The data Start Marker
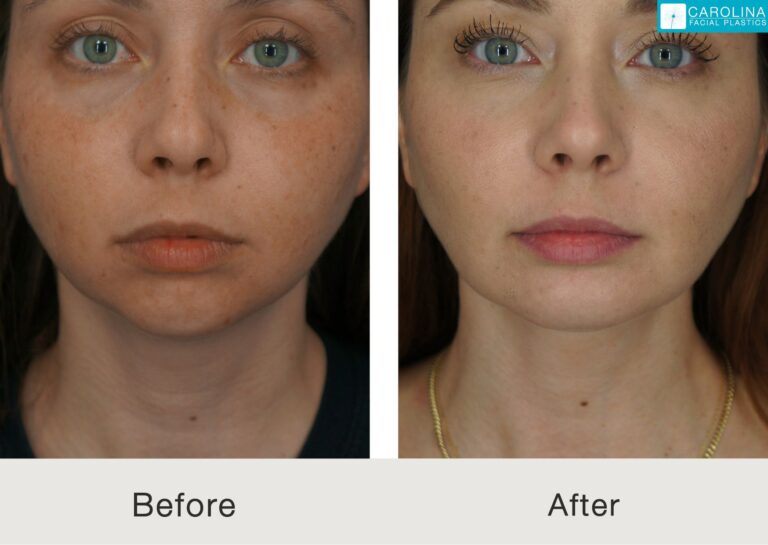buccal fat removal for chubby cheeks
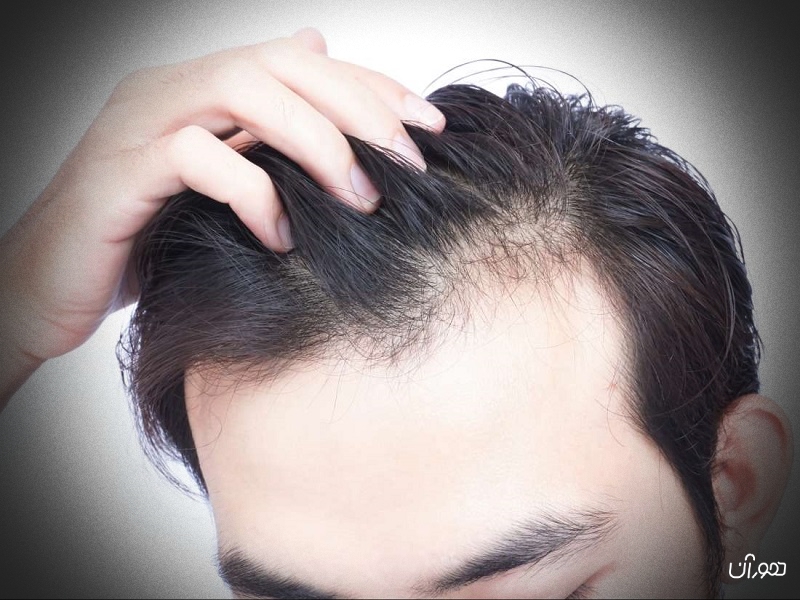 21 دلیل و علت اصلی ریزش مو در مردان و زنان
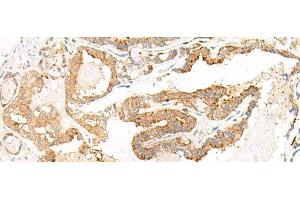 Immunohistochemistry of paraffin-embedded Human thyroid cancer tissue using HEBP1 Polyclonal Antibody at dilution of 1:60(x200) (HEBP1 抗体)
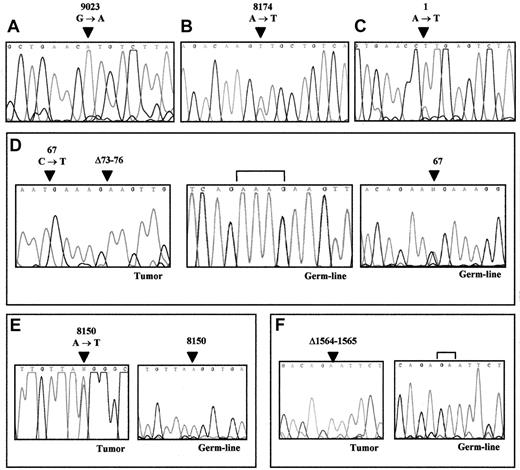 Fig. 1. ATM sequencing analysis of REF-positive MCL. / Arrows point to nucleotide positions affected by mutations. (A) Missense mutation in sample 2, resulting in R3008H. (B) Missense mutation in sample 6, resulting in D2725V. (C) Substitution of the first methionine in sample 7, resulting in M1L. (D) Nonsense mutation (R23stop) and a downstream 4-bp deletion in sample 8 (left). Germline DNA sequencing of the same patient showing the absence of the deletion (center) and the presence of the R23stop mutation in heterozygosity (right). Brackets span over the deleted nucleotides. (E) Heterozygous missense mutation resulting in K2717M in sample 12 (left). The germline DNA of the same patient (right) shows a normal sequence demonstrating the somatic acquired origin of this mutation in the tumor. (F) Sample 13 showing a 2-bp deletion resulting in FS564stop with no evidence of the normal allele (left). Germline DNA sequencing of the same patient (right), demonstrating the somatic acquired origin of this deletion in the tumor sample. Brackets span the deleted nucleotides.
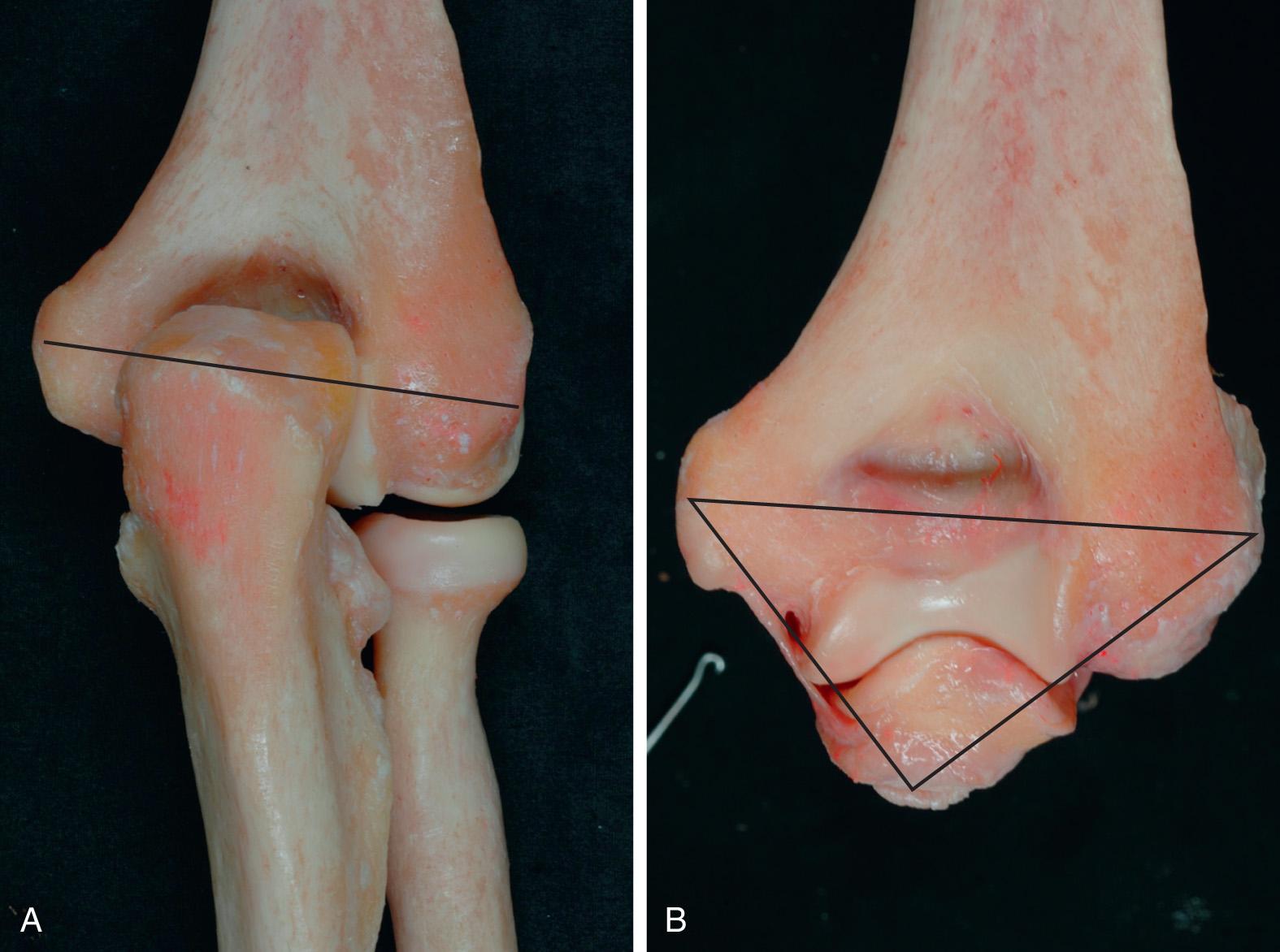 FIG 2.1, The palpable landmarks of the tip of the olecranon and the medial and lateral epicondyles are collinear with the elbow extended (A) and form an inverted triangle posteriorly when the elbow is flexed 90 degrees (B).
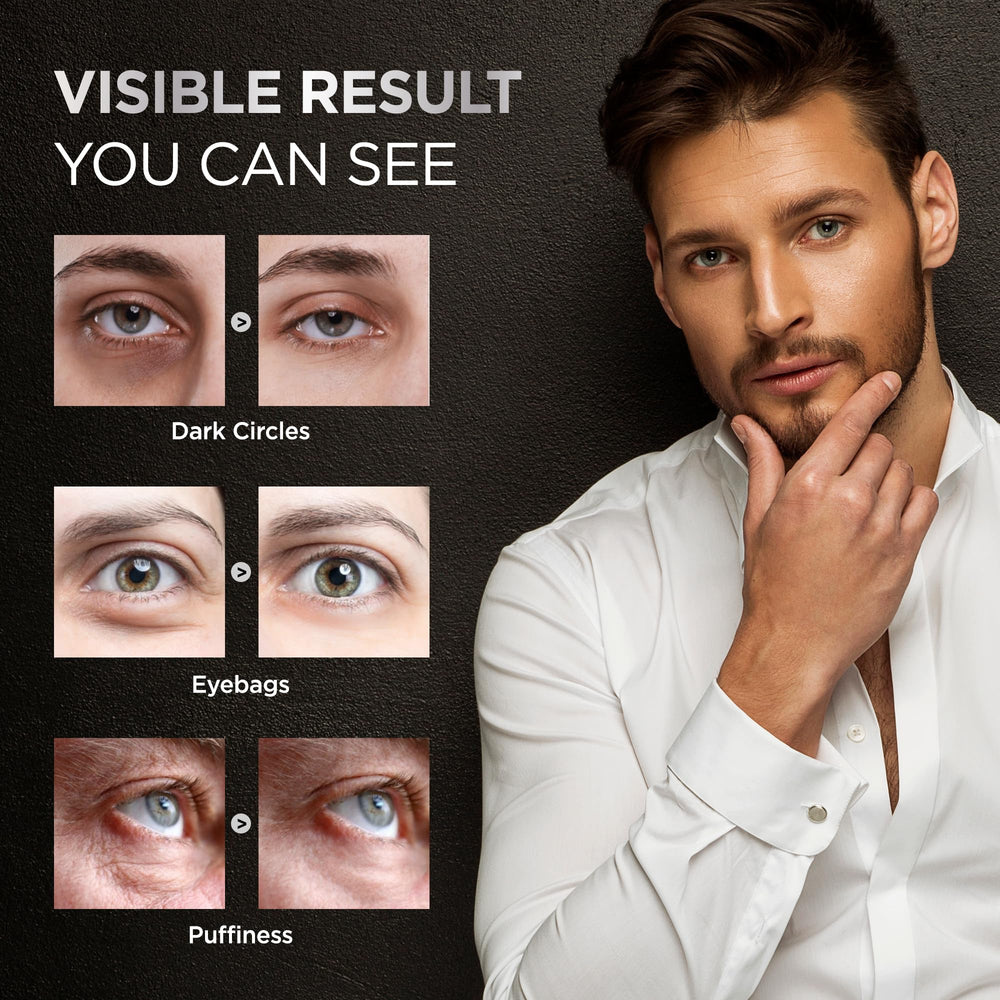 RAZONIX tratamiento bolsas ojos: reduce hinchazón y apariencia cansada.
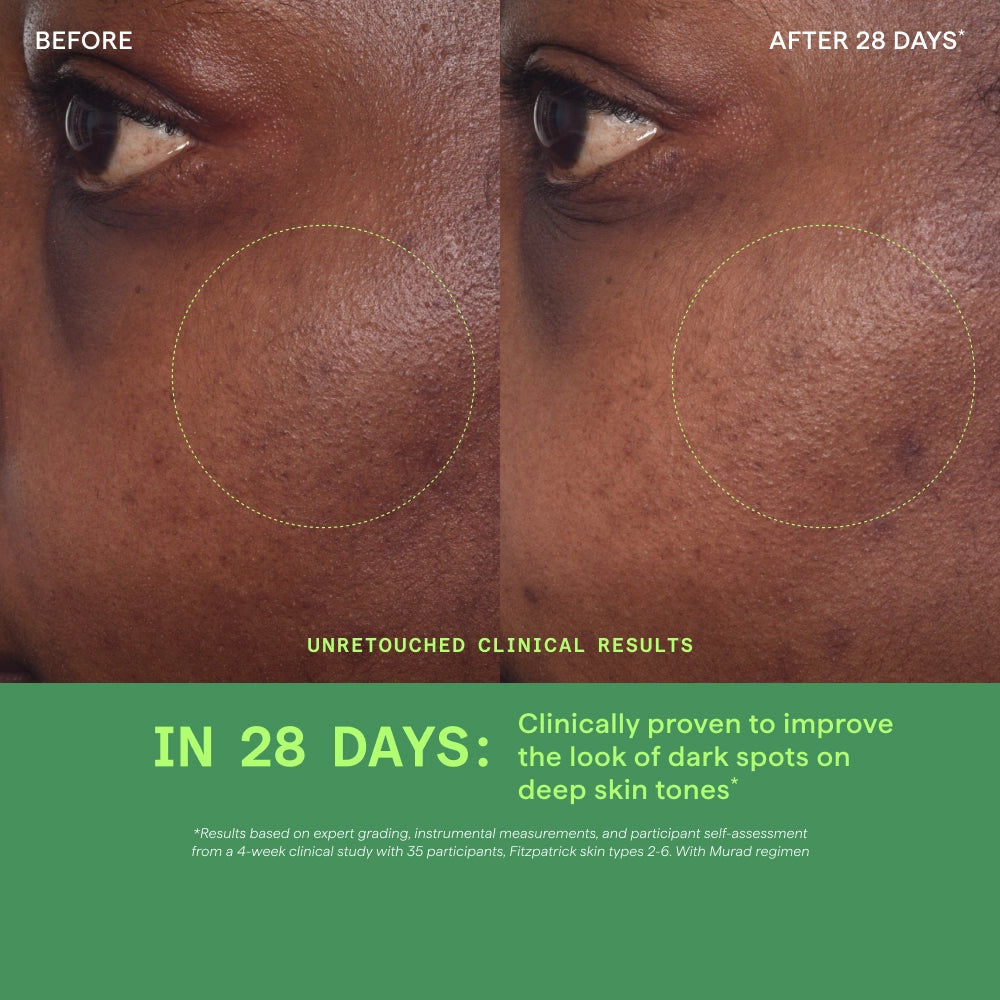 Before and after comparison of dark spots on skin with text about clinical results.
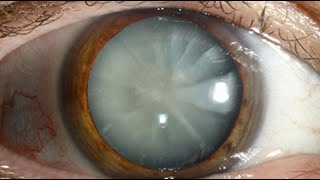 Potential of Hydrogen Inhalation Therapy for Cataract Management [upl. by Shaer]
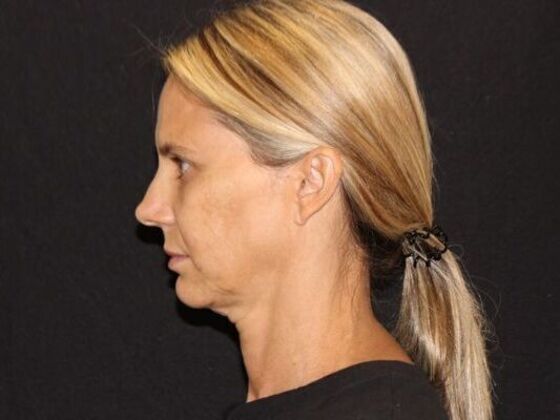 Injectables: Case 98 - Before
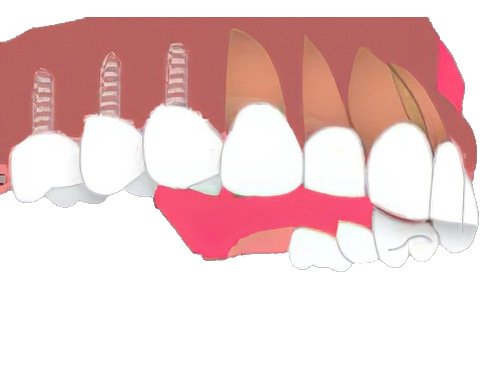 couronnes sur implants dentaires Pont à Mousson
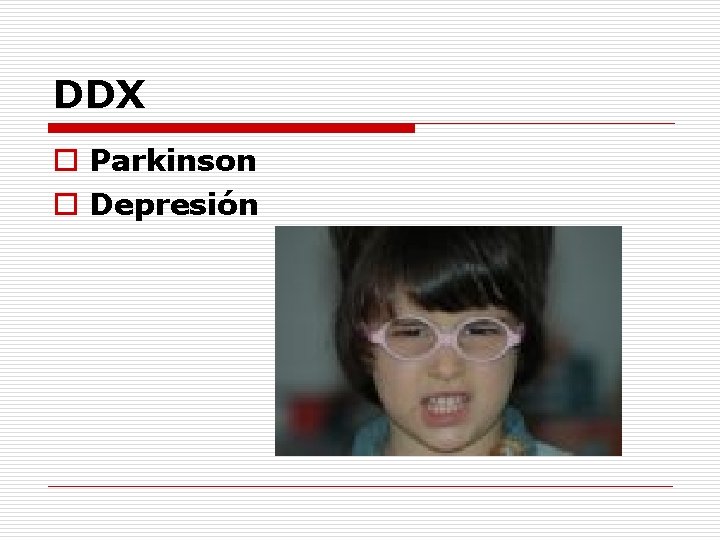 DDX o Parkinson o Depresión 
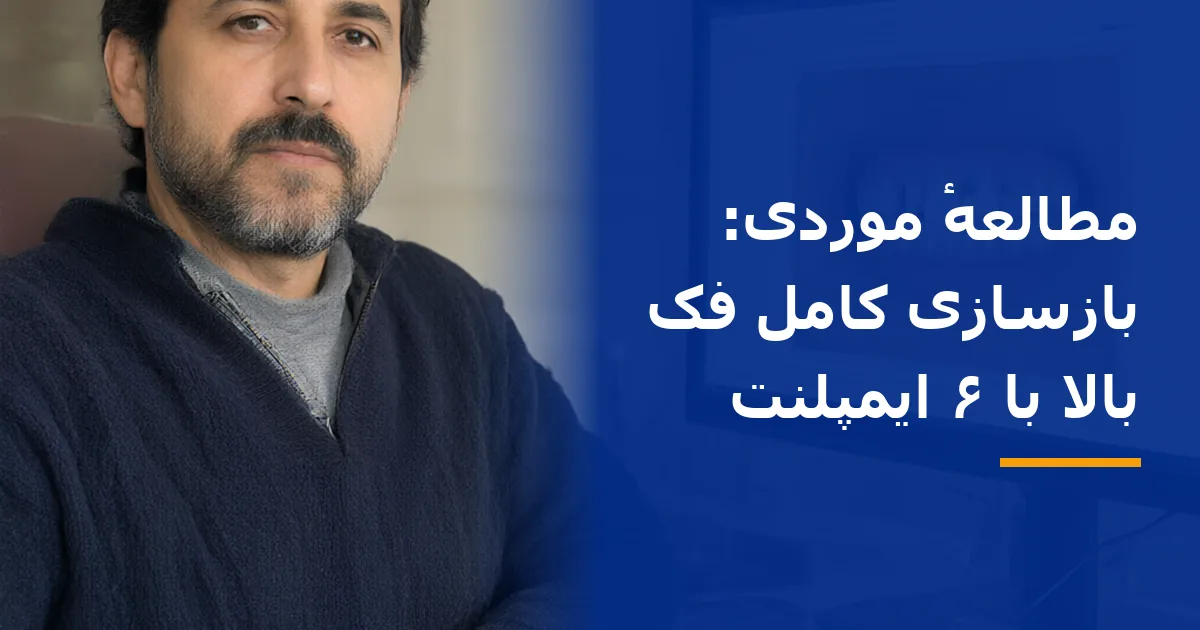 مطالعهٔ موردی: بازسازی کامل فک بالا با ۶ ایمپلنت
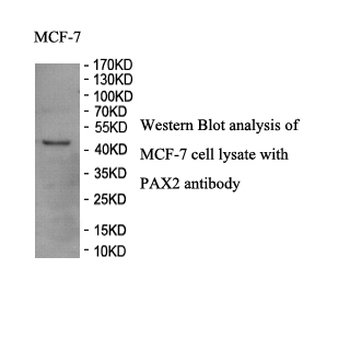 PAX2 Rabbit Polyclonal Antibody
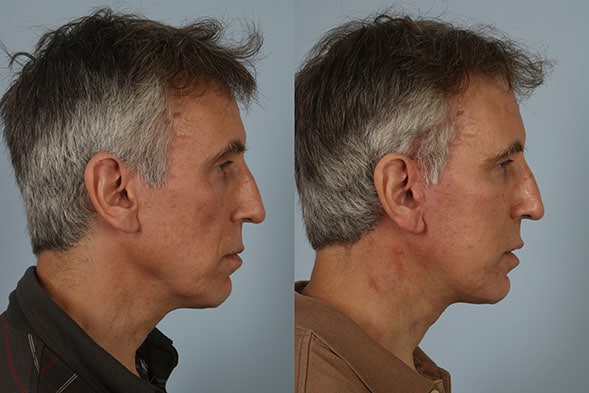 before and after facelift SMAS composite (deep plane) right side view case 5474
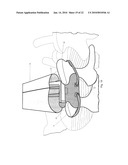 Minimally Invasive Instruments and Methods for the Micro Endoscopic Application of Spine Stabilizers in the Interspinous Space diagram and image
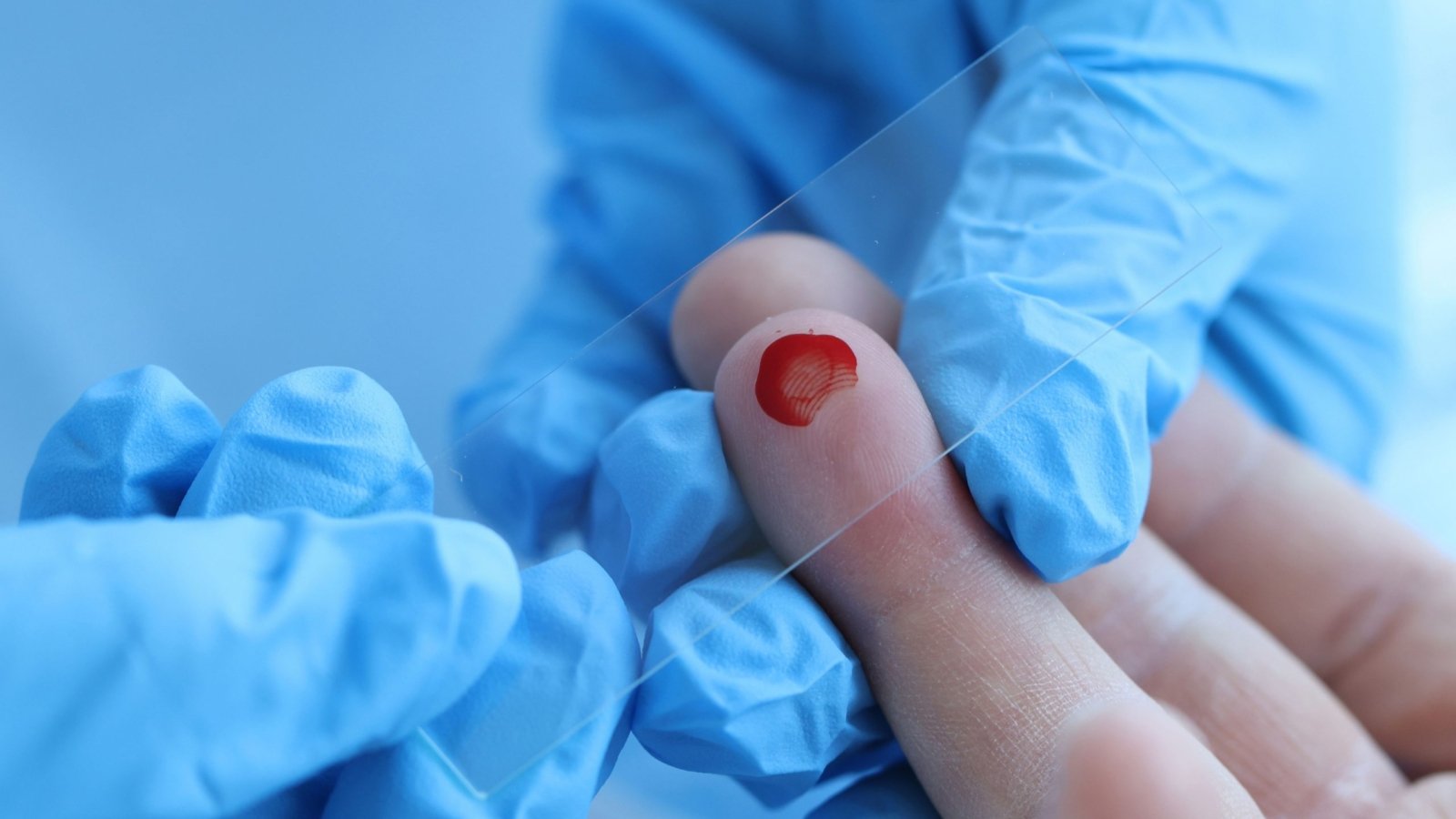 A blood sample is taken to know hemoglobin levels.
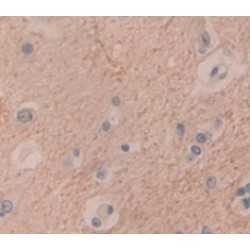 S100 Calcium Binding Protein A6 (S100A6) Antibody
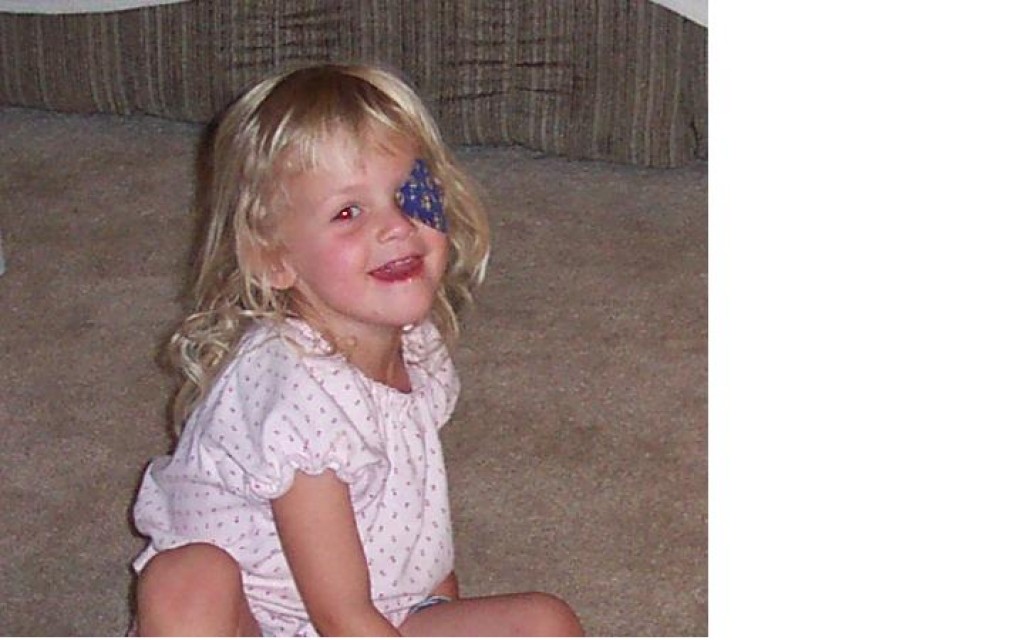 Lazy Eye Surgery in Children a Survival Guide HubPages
The data End Marker
> _Goal of the exercise_:
Please print the entries exactly as they stand. Images are not part of the copy.

> _Exercise result_:
buccal fat removal for chubby cheeks
 21 دلیل و علت اصلی ریزش مو در مردان و زنان
 Immunohistochemistry of paraffin-embedded Human thyroid cancer tissue using HEBP1 Polyclonal Antibody at dilution of 1:60(x200) (HEBP1 抗体)
 Fig. 1. ATM sequencing analysis of REF-positive MCL. / Arrows point to nucleotide positions affected by mutations. (A) Missense mutation in sample 2, resulting in R3008H. (B) Missense mutation in sample 6, resulting in D2725V. (C) Substitution of the first methionine in sample 7, resulting in M1L. (D) Nonsense mutation (R23stop) and a downstream 4-bp deletion in sample 8 (left). Germline DNA sequencing of the same patient showing the absence of the deletion (center) and the presence of the R23stop mutation in heterozygosity (right). Brackets span over the deleted nucleotides. (E) Heterozygous missense mutation resulting in K2717M in sample 12 (left). The germline DNA of the same patient (right) shows a normal sequence demonstrating the somatic acquired origin of this mutation in the tumor. (F) Sample 13 showing a 2-bp deletion resulting in FS564stop with no evidence of the normal allele (left). Germline DNA sequencing of the same patient (right), demonstrating the somatic acquired origin of this deletion in the tumor sample. Brackets span the deleted nucleotides.
 FIG 2.1, The palpable landmarks of the tip of the olecranon and the medial and lateral epicondyles are collinear with the elbow extended (A) and form an inverted triangle posteriorly when the elbow is flexed 90 degrees (B).
 RAZONIX tratamiento bolsas ojos: reduce hinchazón y apariencia cansada.
 Before and after comparison of dark spots on skin with text about clinical results.
 Potential of Hydrogen Inhalation Therapy for Cataract Management [upl. by Shaer]
 Injectables: Case 98 - Before
 couronnes sur implants dentaires Pont à Mousson
 DDX o Parkinson o Depresión 
 مطالعهٔ موردی: بازسازی کامل فک بالا با ۶ ایمپلنت
 PAX2 Rabbit Polyclonal Antibody
 before and after facelift SMAS composite (deep plane) right side view case 5474
 Minimally Invasive Instruments and Methods for the Micro Endoscopic Application of Spine Stabilizers in the Interspinous Space diagram and image
 A blood sample is taken to know hemoglobin levels.
 S100 Calcium Binding Protein A6 (S100A6) Antibody
 Lazy Eye Surgery in Children a Survival Guide HubPages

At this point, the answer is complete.